Robert Clifford, a lawyer specializing in construction accidents, said he expects the City of New York, the Port Authority and perhaps several other governmental organizations to undertake an exhaustive investigation into the ultimate causes of last weekend's deadly fire and today's falling construction tool.
"Once they determine the cause of the collapse they will then pretty much chart out a pathway of liability for who will be held responsible for the injuries and deaths that have occurred," Clifford, a senior partner at the Chicago-based Clifford Law Offices, said.
Liability for the deceased firefighters alone could stretch into the millions once their future earnings potential and family obligations are considered, according to Ken Halperin, an attorney specializing in liability work.
The list of firms facing financial liability could be quite long. Clifford led the prosecution on the high-profile collapse of scaffolding at Chicago's John Hancock building in 2002 that left three people dead and eight more injured. In that case, he said, the manufacturer of the scaffold, the owner of the building, its architect, and the general contractor on the job were all held financially liable for a total of $75 million.

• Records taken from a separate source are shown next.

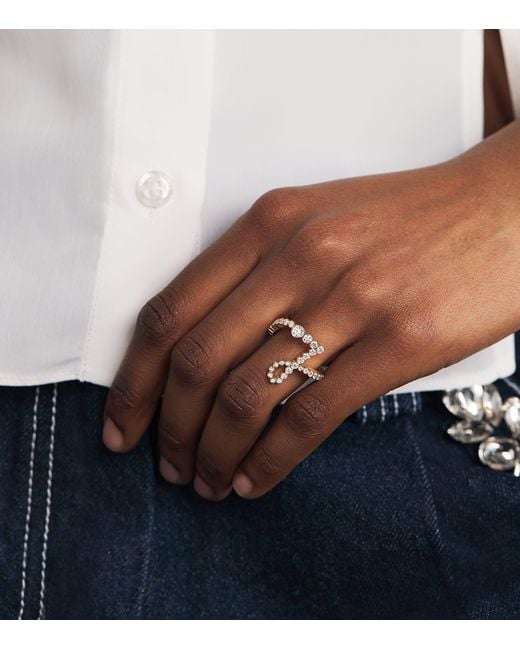 Sophie Bille Brahe Metallic And Diamond Ensemble 'L' Ring
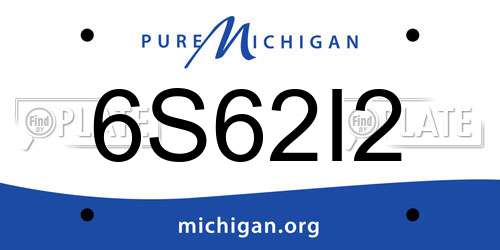 6S62I2 Michigan License Plate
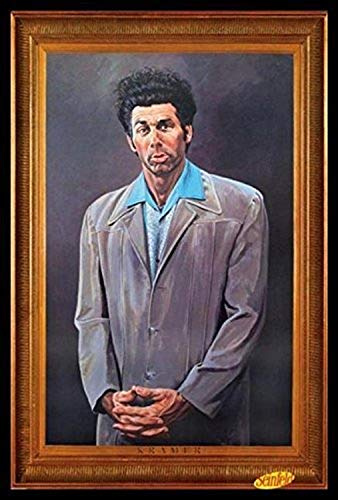 BUY ART FOR LESS Gerahmtes Cosmo Kramer Portrait – Seinfeld TV-Show, 91,4 x 61 cm, Kunstdruck, Poster, Wanddekoration, Humor, berühmte Malerei, Popkultur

And the contractors may also face charges of negligent homicide in conjunction with Saturday's deaths, news outlets have reported. These charges might follow if it is found that broken standpipes, which if functional could have spared the firefighters' lives, were improperly inspected or maintained.
The New York City government is responsible to its firefighters through workers' compensation programs. Clifford said that firefighters and their families normally cannot sue their employer, the New York Fire Department, through the court of law, though they can appeal to their employer for the amount of compensation they receive.
Bovis Lend Lease is the general contractor in charge of demolishing the Deutsche Bank building, which was irreparably damaged from the Sept. 11 terrorist attacks. A liability case may ultimately turn on how negligent they were in conforming to safety codes on the job site.
Prosecutors may have to jump through some legal loopholes to prosecute the firm actually conducting the demolition work. The New York Times reported today that The John Galt Corporation, hired by Bovis last year, appears to be a corporation in name only. According to the Times it was apparently set up by the Regional Scaffolding and Hoisting Company to "insulate the assets of a parent company from the enormous potential liabilities of demolition work."
But Halperin said these types of legal arrangements likely will not prevent the victims from receiving compensation. He said that whoever was working on the building would have had to take out insurance on the demolition.
"To avoid civil liability you can set up ten thousand companies, but somebody's got to take out insurance," he said.